Synopsis

This analysis explores the NOAA Storm Database from 1950 to 2011 to determine which types of severe weather events are most harmful to public health and which cause the greatest economic damage in the United States. The data is processed from the original CSV file to calculate fatalities, injuries, and total economic loss. Results show that tornadoes cause the highest number of injuries and fatalities, while floods and hurricanes lead to the largest economic losses. The findings aim to inform decision-makers responsible for disaster preparedness and resource prioritization.

Data Processing

The dataset was downloaded as a compressed .csv.bz2 file and loaded directly into R. The variables PROPDMG and CROPDMG represent damage amounts, and their associated exponents (PROPDMGEXP, CROPDMGEXP) define the magnitude (e.g., K = thousands, M = millions, B = billions). These values were converted to numeric amounts for analysis.

library(dplyr)
## Warning: package 'dplyr' was built under R version 4.3.3
## 
## Attaching package: 'dplyr'
## The following objects are masked from 'package:stats':
## 
##     filter, lag
## The following objects are masked from 'package:base':
## 
##     intersect, setdiff, setequal, union
library(ggplot2)
## Warning: package 'ggplot2' was built under R version 4.3.3
library(readr)
## Warning: package 'readr' was built under R version 4.3.3
data <- read.csv(bzfile("C:/Users/AAmaya/Downloads/repdata_data_StormData.csv.bz2"))

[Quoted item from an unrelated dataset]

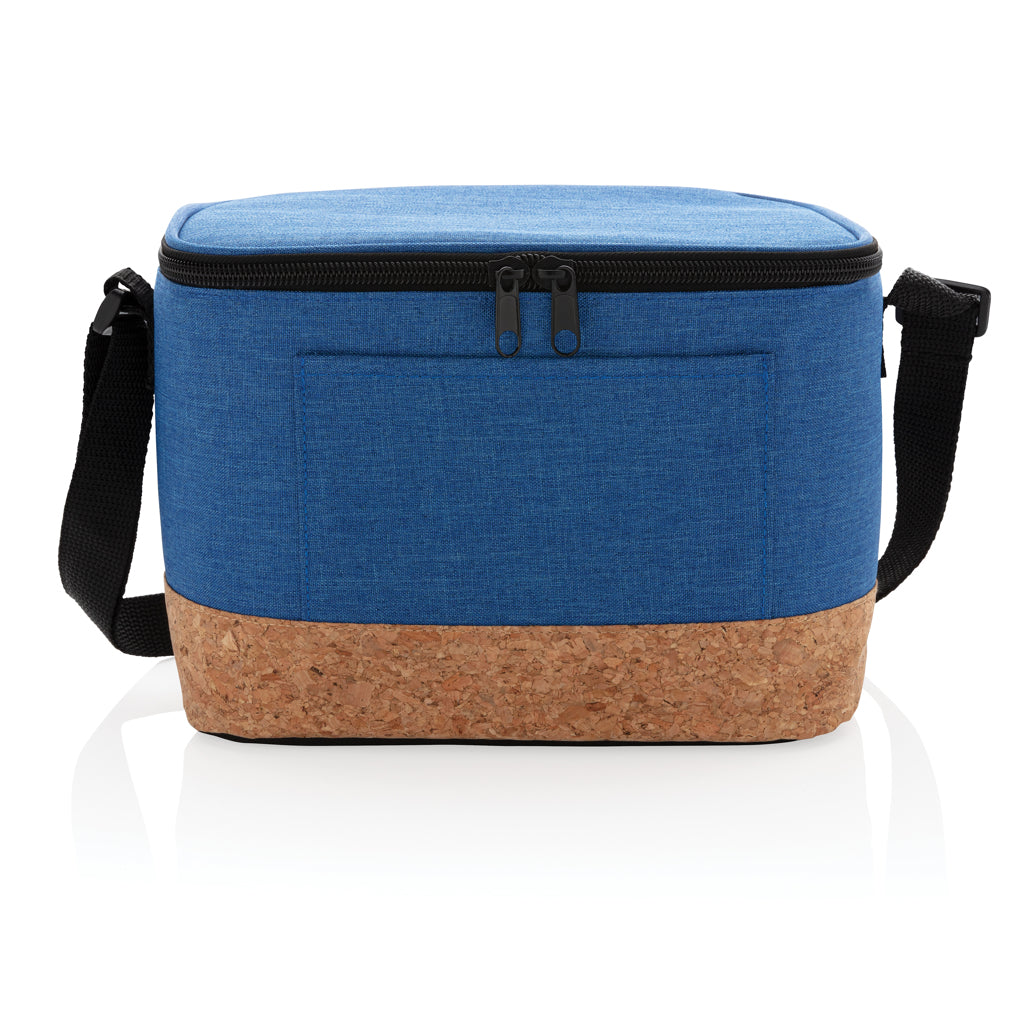 Two-Tone Kühltasche mit Korkdetails – Ansicht 5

# Function to convert exponent values
convert_exp <- function(exp) {
  exp <- toupper(exp)
  if (exp == "K") return(1e3)
  if (exp == "M") return(1e6)
  if (exp == "B") return(1e9)
  if (grepl("^[0-9]+$", exp)) return(10 ^ as.numeric(exp))
  return(1)
}

# Apply conversion
data$PROPDMGEXP <- sapply(data$PROPDMGEXP, convert_exp)
data$CROPDMGEXP <- sapply(data$CROPDMGEXP, convert_exp)

# Calculate total damage
data <- data %>%
  mutate(
    prop_damage = PROPDMG * PROPDMGEXP,
    crop_damage = CROPDMG * CROPDMGEXP,
    total_damage = prop_damage + crop_damage
  )

Resultados

health <- data %>%
  group_by(EVTYPE) %>%
  summarise(
    fatalities = sum(FATALITIES, na.rm = TRUE),
    injuries = sum(INJURIES, na.rm = TRUE),
    total_health_impact = fatalities + injuries
  ) %>%
  arrange(desc(total_health_impact)) %>%
  slice(1:10)

# Plot
ggplot(health, aes(x=reorder(EVTYPE, -total_health_impact), y=total_health_impact, fill=EVTYPE)) +
  geom_col() +
  theme(axis.text.x = element_text(angle=45, hjust=1)) +
  labs(
    title = "Top 10 Weather Events Impacting Population Health",
    x = "Event Type",
    y = "Fatalities + Injuries"
  )

## Conclusion

Tornadoes are the most harmful weather events to population health in the United States, causing the highest number of fatalities and injuries. Floods, hurricanes, and tornadoes are also the most economically damaging. This information is useful for policymakers and emergency planners to prioritize efforts and resources in mitigating the effects of future severe weather events.